The new policy includes possible banishments for clubs whose fans engage in homophobic chants, and penalties for the match promoters.

Chivas v Pachuca - Final Torneo Grita Mexico C22 Liga MX Femenil
Mexico fans continually chant homophobic slurs at Mexico’s matches, including on U.S. soil.
Photo by Refugio Ruiz/Getty Images

U.S. Soccer has passed a new policy that bans discriminatory chants at international matches sanctioned or managed by the organization. The news first appeared on Major League Soccer’s official website.

But we have more. A source close to U.S. Soccer shared the policy with Outsports, and notably, it empowers attendees to take action if the chants aren’t properly addressed.

The penalties for clubs whose fans violate the edict are steep, including possible banishment from playing friendlies in the U.S.

While some of the specific wording may be subject to change, here is the gist: Discriminatory chants — defined as any derogatory chant relative to race, ethnicity, religion, sexual orientation, and/or gender — are now “strictly prohibited” at U.S. stadiums. In order to host an international match in the U.S., promoters must agree to implement actions that “prohibit, prevent and eliminate” discriminatory chants.

Failure to address the matter could result in the promoter facing financial penalties and hosting bans.

FIFA has set up a three-tier procedure when these chants are heard, culminating — if it doesn’t stop — with the abandonment of the match.

In order to hold promoters accountable, U.S. Soccer is mandating they post a bond equal to the lesser of 10% of the anticipated paid gate of the match or $1 million. If the promoter doesn’t take appropriate action to stop bigoted chants, U.S. Soccer will use the liquidated damages to promote diversity, equity, inclusion, and belonging (DEIB) initiatives.

In addition, promoters won’t be able to hold international contests for two years after the first violation. The ban extends to five years after a second violation, and becomes indefinite if a third violation occurs.

That means the stakes are high for venues that host international matches. Last year, a group of fans sued the operators of Soldier Field in Chicago over the repeated use of the homophobic “puto” chant during a 2019 CONCACAF Gold Cup match between the U.S. and Mexico.
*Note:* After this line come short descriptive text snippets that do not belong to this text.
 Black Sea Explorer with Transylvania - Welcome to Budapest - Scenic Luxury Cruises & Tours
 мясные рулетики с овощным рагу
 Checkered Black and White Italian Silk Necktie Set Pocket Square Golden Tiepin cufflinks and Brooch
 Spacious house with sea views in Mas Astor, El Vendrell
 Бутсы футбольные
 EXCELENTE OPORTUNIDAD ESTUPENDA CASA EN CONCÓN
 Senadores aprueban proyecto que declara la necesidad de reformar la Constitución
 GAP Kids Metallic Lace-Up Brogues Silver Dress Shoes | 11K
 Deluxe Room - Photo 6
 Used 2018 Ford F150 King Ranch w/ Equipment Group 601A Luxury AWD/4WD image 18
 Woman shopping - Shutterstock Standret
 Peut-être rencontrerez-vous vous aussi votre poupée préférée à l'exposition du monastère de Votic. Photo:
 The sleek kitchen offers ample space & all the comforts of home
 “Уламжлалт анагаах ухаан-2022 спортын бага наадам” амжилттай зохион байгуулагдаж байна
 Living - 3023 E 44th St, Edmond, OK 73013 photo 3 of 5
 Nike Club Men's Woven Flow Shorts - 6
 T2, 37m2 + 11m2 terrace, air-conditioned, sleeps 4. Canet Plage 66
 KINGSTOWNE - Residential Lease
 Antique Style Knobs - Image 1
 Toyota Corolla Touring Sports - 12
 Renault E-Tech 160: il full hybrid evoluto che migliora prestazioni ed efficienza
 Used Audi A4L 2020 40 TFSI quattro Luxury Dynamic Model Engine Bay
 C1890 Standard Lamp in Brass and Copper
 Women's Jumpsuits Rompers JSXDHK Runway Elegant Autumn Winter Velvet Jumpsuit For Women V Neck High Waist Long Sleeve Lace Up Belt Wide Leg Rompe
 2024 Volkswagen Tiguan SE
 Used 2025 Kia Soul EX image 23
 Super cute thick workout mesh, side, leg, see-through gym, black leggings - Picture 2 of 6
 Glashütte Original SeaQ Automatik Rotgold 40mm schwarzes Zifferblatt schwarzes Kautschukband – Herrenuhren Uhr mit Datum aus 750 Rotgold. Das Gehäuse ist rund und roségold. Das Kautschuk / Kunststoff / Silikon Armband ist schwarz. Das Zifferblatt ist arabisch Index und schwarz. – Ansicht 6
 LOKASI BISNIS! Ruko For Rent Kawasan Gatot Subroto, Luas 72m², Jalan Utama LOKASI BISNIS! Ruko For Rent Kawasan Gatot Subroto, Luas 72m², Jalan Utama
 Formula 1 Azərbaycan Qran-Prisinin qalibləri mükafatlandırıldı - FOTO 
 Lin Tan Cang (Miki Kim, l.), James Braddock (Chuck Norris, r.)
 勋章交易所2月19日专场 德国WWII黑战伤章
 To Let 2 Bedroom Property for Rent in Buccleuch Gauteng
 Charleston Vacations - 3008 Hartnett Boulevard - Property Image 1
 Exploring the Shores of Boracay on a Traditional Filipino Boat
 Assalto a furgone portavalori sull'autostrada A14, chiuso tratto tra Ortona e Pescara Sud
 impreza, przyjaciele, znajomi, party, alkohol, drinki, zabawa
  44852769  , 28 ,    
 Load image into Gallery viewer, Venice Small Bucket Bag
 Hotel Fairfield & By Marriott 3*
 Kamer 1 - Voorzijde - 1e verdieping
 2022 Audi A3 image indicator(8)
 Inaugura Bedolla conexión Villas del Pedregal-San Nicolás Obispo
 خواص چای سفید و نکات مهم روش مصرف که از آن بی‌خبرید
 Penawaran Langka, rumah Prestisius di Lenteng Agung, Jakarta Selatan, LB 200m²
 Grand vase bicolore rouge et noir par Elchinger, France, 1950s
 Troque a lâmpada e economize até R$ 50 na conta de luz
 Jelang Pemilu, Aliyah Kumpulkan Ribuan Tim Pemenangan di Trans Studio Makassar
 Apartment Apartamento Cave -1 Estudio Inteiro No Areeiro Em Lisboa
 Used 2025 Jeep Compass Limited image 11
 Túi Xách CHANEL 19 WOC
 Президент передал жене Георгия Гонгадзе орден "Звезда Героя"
The fans, four of whom identify as LGBTQ, say they were subjected to an onslaught of homophobic slurs, and management at Soldier Field failed to protect them.

The case is now in federal court.

The new U.S. Soccer policy takes aim at fans of Mexico’s men’s national team, who continually chant “puto” at their matches. Earlier this year, the Mexican Football Federation announced fans who chant gay slurs will be banned from stadiums for five years, but it doesn’t seem as if the edict has made a tangible difference.

Mexico fans chanted “puto” towards the end of a World Cup Qualifier against the U.S. in late March.

As part of the process, teams that play International matches in the U.S. must agree in writing that it will assist the promoter in ensuring discriminatory chants don’t happen, and cooperate in the disciplinary process if they do.

If supporters of their team engage in discriminatory chants — anti-LGBTQ or otherwise — the club will be banned from playing matches on U.S. soil for two years. A second violation will result in a five-year ban, and a third violation will generate a permanent ban.

We may not have to wait long to see the policy be applied. Mexico is facing off against Ecuador at Soldier Field June 5.

A repeat of that happened three years ago could result in a lot more than a lawsuit.